Bryan a exprimé son entêtement, voire sa fierté, à continuer de sortir des albums qui durent plus d'une heure. Même si l'assaut prolongé des émotions peut créer une expérience cathartique unique, il commence à s'épuiser. Scène de bar, où des morceaux bien conçus se heurtent aux fantômes à moitié cuits des chansons passées de Bryan. « Bass Boat » sonne comme une tentative de retrouver la magie de la ballade en deux parties « Jake's Piano – Long Island » de l'année dernière, mais à part une phrase particulièrement dévastatrice : « J'ai été élevé par une femme qui n'était guère impressionnée/Et Je porte cette merde très profondément dans ma poitrine » – elle n’atteint jamais tout à fait les mêmes hauteurs. Bryan échange parfois des spécificités choquantes contre des platitudes plus générales, telles que « Ne vous fâchez pas, écoutez les sons/Les bons moments retrouveront leur chemin » dans « Better Days ». Même lorsqu'il entre dans les détails, il a tendance à s'appuyer sur des signifiants nostalgiques : les citations de Beale Street et d'Elvis, les vieilles Ford et Tom et JerryTrans-Am et Kodachrome – à la place d’une signification plus substantielle.
De nombreuses comparaisons ont été faites entre Bryan et Morgan Wallen, l'autre géant du streaming de la musique country, sans vergogne plus conservateur que Bryan mais aussi fan d'albums longs, de souvenirs nostalgiques et de présentation authentique. Mais il y a sans doute bien d’autres similitudes entre lui et Tyler Childers, l’auteur-compositeur-interprète des Appalaches que Bryan crie dans la toute dernière ligne de Scène de bar, ou Colter Wall, l'homme des plaines à la voix bourrue de la Saskatchewan, dont Bryan a récemment repris la chanson « Motorcycle » dans son histoire Instagram. Ces trois hommes combinent un respect pour le traditionalisme country avec l’attitude hors-la-loi des années 1970, à tel point que lorsque Bryan s’insurge contre l’infiltration des « 808 » dans les charts country de « Bathwater », cela semble redondant.

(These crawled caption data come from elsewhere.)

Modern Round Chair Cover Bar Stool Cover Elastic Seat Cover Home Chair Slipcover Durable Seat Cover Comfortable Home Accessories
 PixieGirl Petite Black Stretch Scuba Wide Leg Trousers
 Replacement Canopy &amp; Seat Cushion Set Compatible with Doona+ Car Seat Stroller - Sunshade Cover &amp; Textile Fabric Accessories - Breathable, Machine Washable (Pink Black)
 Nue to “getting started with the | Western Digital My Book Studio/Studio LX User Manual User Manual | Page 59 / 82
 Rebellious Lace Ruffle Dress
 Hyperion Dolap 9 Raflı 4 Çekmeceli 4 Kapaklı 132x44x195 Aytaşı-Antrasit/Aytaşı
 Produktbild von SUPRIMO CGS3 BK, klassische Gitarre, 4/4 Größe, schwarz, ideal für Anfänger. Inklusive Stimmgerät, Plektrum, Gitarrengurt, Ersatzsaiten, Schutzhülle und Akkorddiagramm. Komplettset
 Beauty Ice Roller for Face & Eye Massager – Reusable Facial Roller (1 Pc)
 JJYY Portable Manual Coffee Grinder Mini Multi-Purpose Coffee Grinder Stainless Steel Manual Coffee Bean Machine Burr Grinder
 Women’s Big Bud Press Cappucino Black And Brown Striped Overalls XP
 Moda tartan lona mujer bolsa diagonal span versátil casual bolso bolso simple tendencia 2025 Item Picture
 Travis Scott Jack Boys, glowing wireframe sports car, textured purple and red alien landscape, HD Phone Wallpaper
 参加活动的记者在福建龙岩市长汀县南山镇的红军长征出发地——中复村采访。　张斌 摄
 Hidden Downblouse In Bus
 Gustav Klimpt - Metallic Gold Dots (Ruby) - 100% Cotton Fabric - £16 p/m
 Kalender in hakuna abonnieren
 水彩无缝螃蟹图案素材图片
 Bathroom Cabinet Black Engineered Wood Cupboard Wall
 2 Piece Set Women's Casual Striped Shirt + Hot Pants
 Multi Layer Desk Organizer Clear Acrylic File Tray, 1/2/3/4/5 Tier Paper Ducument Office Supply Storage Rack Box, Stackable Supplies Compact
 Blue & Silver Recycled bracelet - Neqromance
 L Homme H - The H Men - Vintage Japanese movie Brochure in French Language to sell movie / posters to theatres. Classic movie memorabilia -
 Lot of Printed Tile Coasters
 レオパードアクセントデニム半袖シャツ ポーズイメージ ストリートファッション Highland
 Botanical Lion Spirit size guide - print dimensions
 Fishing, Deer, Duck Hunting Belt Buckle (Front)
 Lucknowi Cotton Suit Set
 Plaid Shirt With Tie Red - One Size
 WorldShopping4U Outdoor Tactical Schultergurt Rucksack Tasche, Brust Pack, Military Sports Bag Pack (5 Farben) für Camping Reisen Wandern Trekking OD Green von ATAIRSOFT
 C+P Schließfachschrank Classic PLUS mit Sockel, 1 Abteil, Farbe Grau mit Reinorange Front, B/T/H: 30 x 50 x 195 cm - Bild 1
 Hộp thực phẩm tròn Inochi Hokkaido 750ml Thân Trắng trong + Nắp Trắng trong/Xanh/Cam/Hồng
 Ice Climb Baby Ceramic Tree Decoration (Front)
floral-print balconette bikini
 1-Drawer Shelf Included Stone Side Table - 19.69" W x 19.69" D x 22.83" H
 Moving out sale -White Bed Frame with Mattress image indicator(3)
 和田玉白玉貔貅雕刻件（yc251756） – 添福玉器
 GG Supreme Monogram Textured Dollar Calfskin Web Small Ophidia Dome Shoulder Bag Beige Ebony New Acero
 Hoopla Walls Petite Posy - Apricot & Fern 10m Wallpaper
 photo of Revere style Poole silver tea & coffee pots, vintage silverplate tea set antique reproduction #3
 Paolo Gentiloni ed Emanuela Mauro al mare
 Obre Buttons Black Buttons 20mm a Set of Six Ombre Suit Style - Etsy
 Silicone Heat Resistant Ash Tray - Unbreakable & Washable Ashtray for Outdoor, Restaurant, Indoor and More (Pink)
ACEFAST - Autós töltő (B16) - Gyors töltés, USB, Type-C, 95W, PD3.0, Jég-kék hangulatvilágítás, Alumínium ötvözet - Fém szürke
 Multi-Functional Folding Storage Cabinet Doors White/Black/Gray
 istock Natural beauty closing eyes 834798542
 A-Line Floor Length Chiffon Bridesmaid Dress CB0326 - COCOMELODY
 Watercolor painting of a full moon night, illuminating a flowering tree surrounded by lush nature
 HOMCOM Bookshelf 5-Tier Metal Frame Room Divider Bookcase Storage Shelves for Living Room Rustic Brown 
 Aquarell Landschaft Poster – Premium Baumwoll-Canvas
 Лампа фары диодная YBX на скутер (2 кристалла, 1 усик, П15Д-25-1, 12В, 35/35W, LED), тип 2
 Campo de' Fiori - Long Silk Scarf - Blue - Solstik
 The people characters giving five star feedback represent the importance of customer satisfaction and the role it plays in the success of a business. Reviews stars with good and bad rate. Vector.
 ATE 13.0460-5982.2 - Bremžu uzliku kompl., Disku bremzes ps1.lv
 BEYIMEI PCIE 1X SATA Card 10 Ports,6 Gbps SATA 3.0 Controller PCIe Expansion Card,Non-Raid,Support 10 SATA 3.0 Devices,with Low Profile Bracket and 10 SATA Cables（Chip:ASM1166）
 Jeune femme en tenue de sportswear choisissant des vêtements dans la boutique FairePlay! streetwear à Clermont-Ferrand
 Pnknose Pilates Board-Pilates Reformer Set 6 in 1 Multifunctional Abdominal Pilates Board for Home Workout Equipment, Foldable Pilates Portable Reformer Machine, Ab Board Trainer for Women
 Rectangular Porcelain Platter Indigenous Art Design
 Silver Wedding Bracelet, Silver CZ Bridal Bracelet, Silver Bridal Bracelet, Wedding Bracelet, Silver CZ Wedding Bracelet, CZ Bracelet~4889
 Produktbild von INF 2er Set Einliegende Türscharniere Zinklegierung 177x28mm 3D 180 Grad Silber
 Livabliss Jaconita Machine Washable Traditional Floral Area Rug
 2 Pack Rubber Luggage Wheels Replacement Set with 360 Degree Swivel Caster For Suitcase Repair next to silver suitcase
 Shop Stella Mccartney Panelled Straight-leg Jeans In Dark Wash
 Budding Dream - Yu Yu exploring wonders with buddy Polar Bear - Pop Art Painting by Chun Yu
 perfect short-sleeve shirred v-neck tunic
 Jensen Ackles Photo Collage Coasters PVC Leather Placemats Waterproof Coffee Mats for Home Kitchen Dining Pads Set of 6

Mais si des artistes comme Bryan peuvent égaler, voire surpasser, la célébrité des chanteurs country-pop de Nashville, alors contre quoi se mobilise-t-il exactement ? Bryan est désormais, à contrecœur ou non, le plus grand succès crossover de l'industrie, bien au-delà du point de pouvoir se qualifier d'opprimé. «Je suis un taureau mécanique, lancez une pièce de monnaie et regardez-moi partir», marmonne-t-il en haussant les épaules dès le début. Scène de bar. On a l’impression que, si on lui en donnait l’occasion, Bryan avancerait rapidement dans toute cette affaire « célèbre » et deviendrait un incontournable des bars, avec le genre de chansons que les gens chantent parce que leurs parents l’ont fait. Seul le temps nous dira s’il atteint un jour ce point ; comme Bryan le sait, il faut quelques décennies pour gagner une place permanente dans le juke-box.